I recently stepped back into the world of working to end violence against women. I was at a meeting in Dallas I helped organize to talk in part about the recently broken sexual violence silence by women who’d been assaulted on college campuses. Young women have begun telling their stories about being raped on campuses, reporting those rapes, and not only not being heard by administrations, but being silenced. Reluctance to talk about sexual violence is rampant. I know, I used to talk about it a lot at work and not much anywhere else. It’s not a topic of dinner party conversations.
The second time David and I got together — a poetry reading in Portsmouth, dinner first — I let loose my Sexual Assault Rant and he didn’t flinch. A good sign. My rant consists of strongly worded dismay at the ubiquitous presence of unwanted sexual touch in the lives of women that nobody talks about. Sexual violence silence.
Well I’m talking about it, right now. I love research. I’m well enough known for my collaborations with researchers from when I was working at the NH Coalition Against Domestic and Sexual Violence and since, with the brilliant women of Preventions Innovations Research Center, that I’ve been asked to review a paper on the topic of researcher-practitioner collaborations for a top peer-reviewed journal (Violence Against Women) in the field.

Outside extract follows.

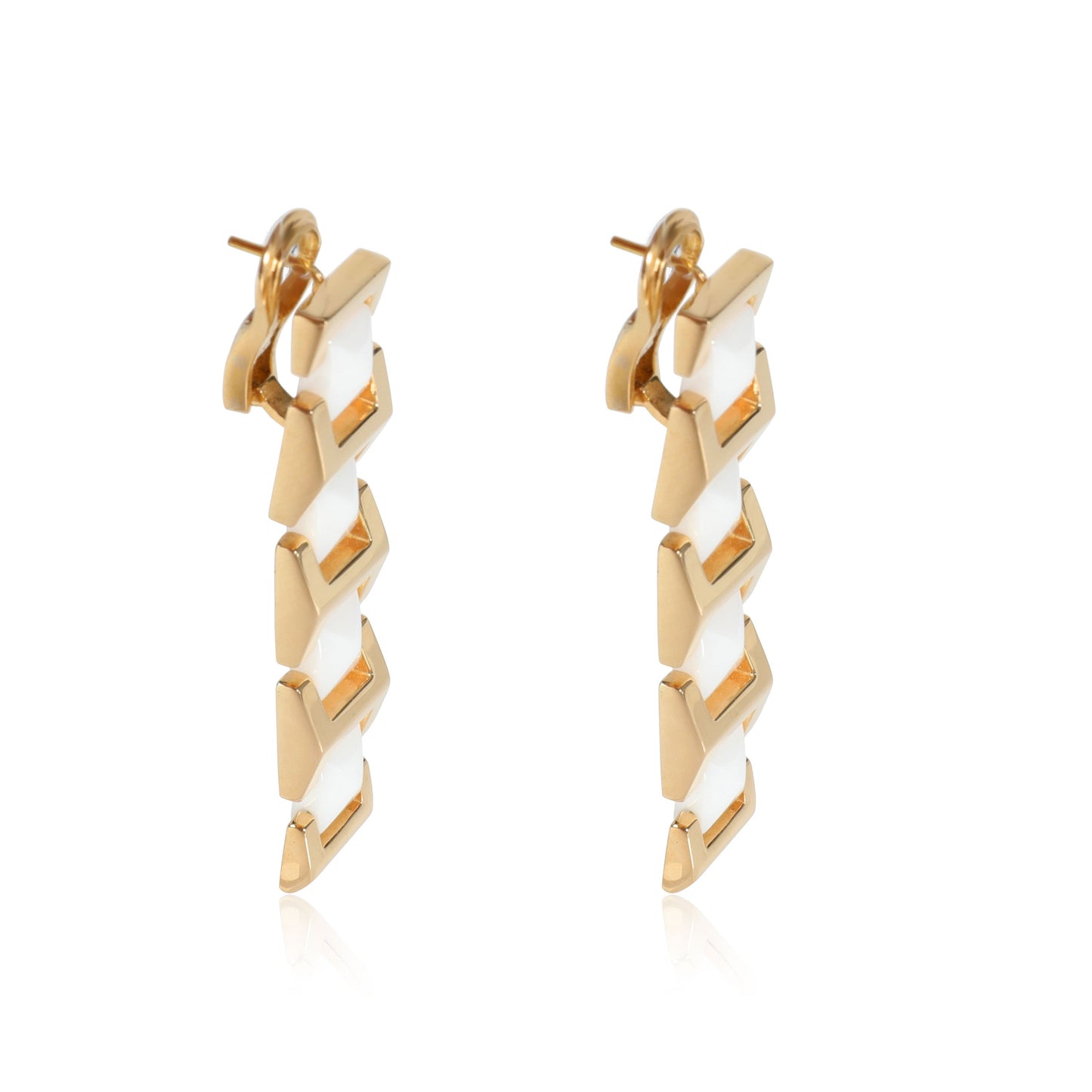 White Ceramic Pyramid Drop  Earrings in 18K Yellow Gold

So here is some research of my own. For over a decade I’ve been asking women I meet from all parts of my life if they’ve ever experienced unwanted sexual touch. Not a chargeable offense necessarily, but some instance of a man touching a sexualized part of your body, uninvited, for his own gratification. Only one woman has said no. That’s to hundreds of “Yes.”
It’s certainly not strict quantitative research because I haven’t been keeping track of who I ask, so I’m not sure of my n, the number of women. But it’s a lot. And nobody talks about it. The inability to move around in the world without some man touching your butt or rubbing up against you on a crowded bus or grabbing your breasts is not okay, and yet women all have to live with it. It’s a fact of life.
In decades of working to end domestic and sexual violence, I saw a significant shift in how people in general talked about domestic violence and how they responded to battered women. The injustice of blaming the victim began to be accepted and the press started accurately portraying murders of women as domestic violence murders, not “crimes of passion.” The focus, in large part, shifted to the batterer, the one causing the harm.
The same has not been true of sexual assault. Think of some of the highly publicized sexual assault media stories in the last decade. How often has the press included discussion of the victim’s actions and credibility (“why was she in his hotel room?” “why did she get so drunk?” “doesn’t she have mental health issues?”) instead of looking at what the perpetrator did?
It’s a wonder anyone ever does report a sexual assault, given how victims are treated. If we can’t get communities to pay attention to the most egregious sexual assaults, would anyone pay attention to reports of the micro-aggressions of everyday life in which women’s bodies are sexualized targets for the fraction of men who don’t get that boundaries apply to them?